At the supermarket, I was surprised to find that the meat counter was rather empty. Although my shopping list (prepared by my lovely wife) listed chicken breast, no chicken breast was available.
Making my way to the dairy counter, I requested two different types of cheese. Here too, both of the types were unavailable.
In the refrigerated section, I didn’t find any bags of 3% milk. I even though of paying more for a carton instead of a bag, but no cartons of 3% were available either. There was only 1% milk, which my children probably wouldn’t approve of in their breakfast cereal.
My first reaction was of shock. “How could the supermarket be so understocked? What kind of third-world country is this?”
After a few minutes of shopping and checking the rest of the items off of my shopping list, I realized that the supply problem was most probably the result of the long holiday weekend. It is likely that many of the food factories and warehouses were closed for at least 3 of the previous 4 days because of the holidays.
The fact that I was surprised that I couldn’t check off every item on my shopping list made me appreciate that 99% of my supermarket visits end in me bringing home every item that my household needs. It is rare that I come home without completing my list.

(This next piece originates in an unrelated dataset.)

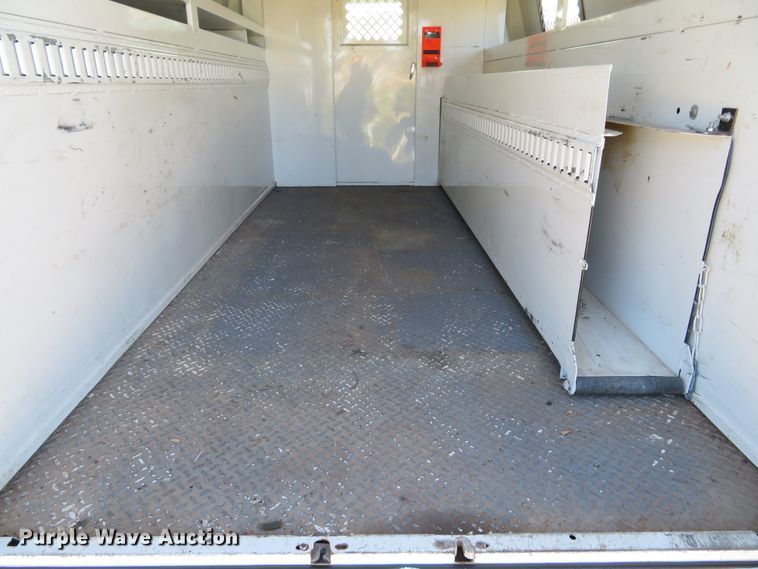 image for item DH1680 2006 Ford E350 Super Duty utility van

Such abundance of food was not always available. There were times in the 1950’s when Israeli food was rationed and each household was entitled to a limited amount of bare necessities. Who isn’t familiar with Mark Twain’s description of the Holy Land as a barren wasteland. We’ve come a long way since then. Israel is now an agricultural superpower. A variety of fruits, vegetables, wines, beers, prepared food, varieties of meats and cheeses, domestic and imported, are all readily available on a regular basis.
The Sukkot holiday which we just celebrated is also called the Festival of In-gathering (Exodus 23:16.) The time of year represented the harvest of grapes and the end of the agricultural year, and was a time for our ancestors to reflect on and give praise for a successful crop and pray for rain to prepare for the forthcoming rainy season.
Most of us Israelis are a bit removed from the agricultural society of our ancestors. Nevertheless, the message of Sukkot is to be thankful for the great abundance that we have and recognize the provider of our sustenance. And I’m not talking about the supermarket mogul Rami Levy.
One needs to travel only as far as his local supermarket and open his eyes to recognize the abundance and be thankful for the In-gathering which we are witnessing in Israel of today.